Incorporate EFER.LMA into kvm_mmu_extended_role, as it used to compute the
guest root level and is not reflected in kvm_mmu_page_role.level when TDP
is in use. When simply running the guest, it is impossible for EFER.LMA
and kvm_mmu.root_level to get out of sync, as the guest cannot transition
from PAE paging to 64-bit paging without toggling CR0.PG, i.e. without
first bouncing through a different MMU context. And stuffing guest state
via KVM_SET_SREGS{2} also ensures a full MMU context reset.

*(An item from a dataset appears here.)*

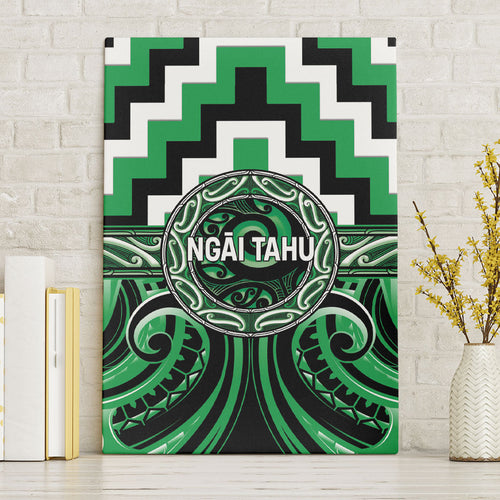 Aotearoa Ngai Tahu Canvas Wall Art Maori Iwi Poutama Puhoro Tattoo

However, if KVM_SET_SREGS{2} is followed by KVM_SET_NESTED_STATE, e.g. to
set guest state when migrating the VM while L2 is active, the vCPU state
will reflect L2, not L1. If L1 is using TDP for L2, then root_mmu will
have been configured using L2's state, despite not being used for L2. If
L2.EFER.LMA != L1.EFER.LMA, and L2 is using PAE paging, then root_mmu will
be configured for guest PAE paging, but will match the mmu_role for 64-bit
paging and cause KVM to not reconfigured root_mmu on the next nested
VM-Exit.
And after typing that up, it's probably also worth adding a blurb to call out (and
argue against) the alternative.
Alternatively, the root_mmu's role could be invalidated after a successful
KVM_SET_NESTED_STATE that yields vcpu->arch.mmu != vcpu->arch.root_mmu,
i.e. that switches the active mmu to guest_mmu, but doing so would force
KVM to reconfigure the root_mmu in the common case where L1 and L2 have
the same EFER, e.g. are both 64-bit guests.
> Suggested-by: Sean Christopherson <seanjc@xxxxxxxxxx>
> Signed-off-by: Maxim Levitsky <mlevitsk@xxxxxxxxxx>
> ---
> arch/x86/include/asm/kvm_host.h | 1 +
> arch/x86/kvm/mmu/mmu.c | 1 +
> 2 files changed, 2 insertions(+)
>
> diff --git a/arch/x86/include/asm/kvm_host.h b/arch/x86/include/asm/kvm_host.h
> index 88fce6ab4bbd7..a44b9eb7d4d6d 100644
> --- a/arch/x86/include/asm/kvm_host.h
> +++ b/arch/x86/include/asm/kvm_host.h
> @@ -364,6 +364,7 @@ union kvm_mmu_extended_role {
> unsigned int cr4_smap:1;
> unsigned int cr4_smep:1;
> unsigned int cr4_la57:1;
> + unsigned int efer_lma:1;
> };
> };
>
> diff --git a/arch/x86/kvm/mmu/mmu.c b/arch/x86/kvm/mmu/mmu.c
> index 354d2ca92df4d..5c4a41697a717 100644
> --- a/arch/x86/kvm/mmu/mmu.c
> +++ b/arch/x86/kvm/mmu/mmu.c
> @@ -4682,6 +4682,7 @@ static union kvm_mmu_extended_role kvm_calc_mmu_role_ext(struct kvm_vcpu *vcpu,
> /* PKEY and LA57 are active iff long mode is active. */
> ext.cr4_pke = ____is_efer_lma(regs) && ____is_cr4_pke(regs);
> ext.cr4_la57 = ____is_efer_lma(regs) && ____is_cr4_la57(regs);
> + ext.efer_lma = ____is_efer_lma(regs);
> }
>
> ext.valid = 1;
> --
> 2.26.3
>